Set in 1947 joint India, The Moon from Dehradun is the story of Azra, a young girl who, along with her family, is forced to flee at a moment’s notice when external foreign forces and internal unrest make living in that specific region impossible. Dehradun (a region in present-day India) has been home to her family for generations. They love their home, know no other place to call home, and live peacefully with their neighbors. Azra loves her doll ‘gurya’ (made by her grandmother) very much and does not appreciate her younger brother who is a nuisance. The book begins with Azra telling her doll that they must leave in five days. Following the decision of Britain to divide the country up according to majority religion, bloody riots break out.

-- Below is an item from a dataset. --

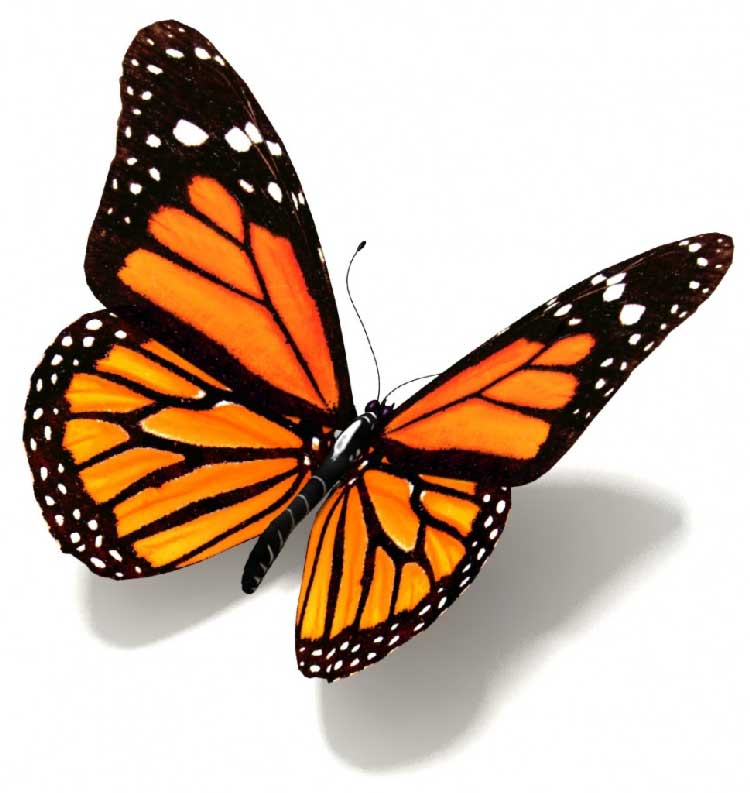 animated monarch butterfly clip art free - photo #26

Azra’s family are Muslims but live in a majority Hindu area. They know that they will have to move to the area that will be Pakistan (a majority Muslim nation). Their move suddenly becomes rushed as their own neighbors come to attack them. The family leaves without taking anything except a few belongings. What is also left behind, in their hurry, is Azra’s beloved ‘gurya.’ They travel night and day and feel sadness as a country and a people break into pieces. The harrowing train journey is captured very well in the visual text/illustrations by Lak. They reach Pakistan and are given a home to stay in because their papers check out. When they enter their new home, it looks like a family had also left there in a hurry. In checking out her surroundings, Azra finds a forlorn ‘gurya’ left under the bed. The story goes full circle on the second to last spread when another anonymous family with a little girl enters Azra’s home in Dehradun only to find ‘gurya.’ The last spread shows both girls holding their ‘guryas,’ separated by distance but joined by a shared tumultuous experience.

This book relates to an oft forgotten history of the British colony and the hasty partition that created the individual countries of India and Pakistan in 1947. The story is inspired by Shamsi’s own family’s journey from India to Pakistan. She draws on her memories of tales told to her from first person accounts that lend credibility to the text. The book also includes notes, maps, and an author’s note to situate the reader contextually. This is a powerful story which speaks to the powers that manipulated peoples indigenous to the land by dissecting the land haphazardly and forcing their movement. This story concludes with a message of understanding and peace that is accessible to younger audiences.

Lak does an excellent job of visually representing the chaos during the actual physical partition. There are many photographs available online that authenticate his digital illustrations. He recreates the chaos characters feel through the tangible depiction of dust, the harassed expressions of the characters, and the backdrops of millions of people on the move.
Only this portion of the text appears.